The answer, quite simply, is capitalism. Game studios know sales skyrocket for the holiday season, so there is often an influx of new titles around Thanksgiving. Developers are rushed and forced to work excessive overtime in order to meet the holiday deadline, but this often comes at the cost of playability or graphics. The infamous launch of Cyberpunk 2077 in 2020 – one of the most anticipated AAA games of the year – ended with angry and disappointed customers who spent $60 on a nearly unplayable game. A Bloomberg article at the time reported CD Projekt Red, the studio behind Cyberpunk, was calling for six day work weeks after previously promising their developers mandatory overtime would not be instigated. One developer reported working a staggering 13 hours each day. One could chalk Cyberpunk’s bugs up to the fact it was built using an entirely new engine. Pokémon, however, uses a very similar – if not the same – engine as their previous open-world entries, Legends: Arceus and Sword and Shield.

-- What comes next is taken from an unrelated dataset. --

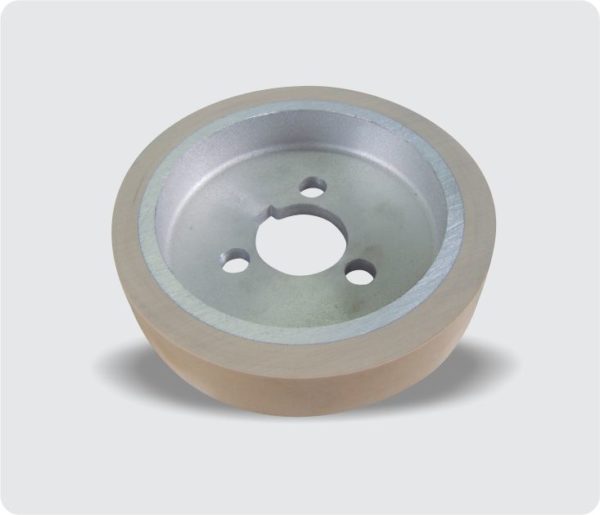 9039-1 - POLIA ALUMÍNIO MOLDUREIRA 30 X Ø116 X Ø140mm (FURO Ø35mm)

These had much higher critical and public receptions than Scarlet and Violet, and the natural assumption would be that whatever used the engine next would outdo the previous games. After all, Nintendo games such as The Legend of Zelda: Majora’s Mask had outdone their predecessors on the same engine. Does the issue lie with Game Freak, not Nintendo? Fans seem to think so, as in the past some of Nintendo’s most popular titles have been delayed to ensure a quality experience.
While there is no doubt that “Pokémon Scarlet and Violet” suffers from some of the most abysmal bugs in recent memory, the game was still the largest release in the Switch console’s five-year history by a landslide. This isn’t surprising considering Pokémon is the highest-grossing media franchise of all time, a large amount of copies sold were likely preorders from fans eager to see the next great Pokémon game. Unfortunately for them, they received a game riddled with glitches ranging from funny to terrifying. However, the story and characters – and, of course, the new Pokémon – are worth the play. Hopefully a patch will be released soon, and the worst problem with the game will be its sparse graphics. Until then, players will continue to make the most of their time in the Spain-inspired Paldea region.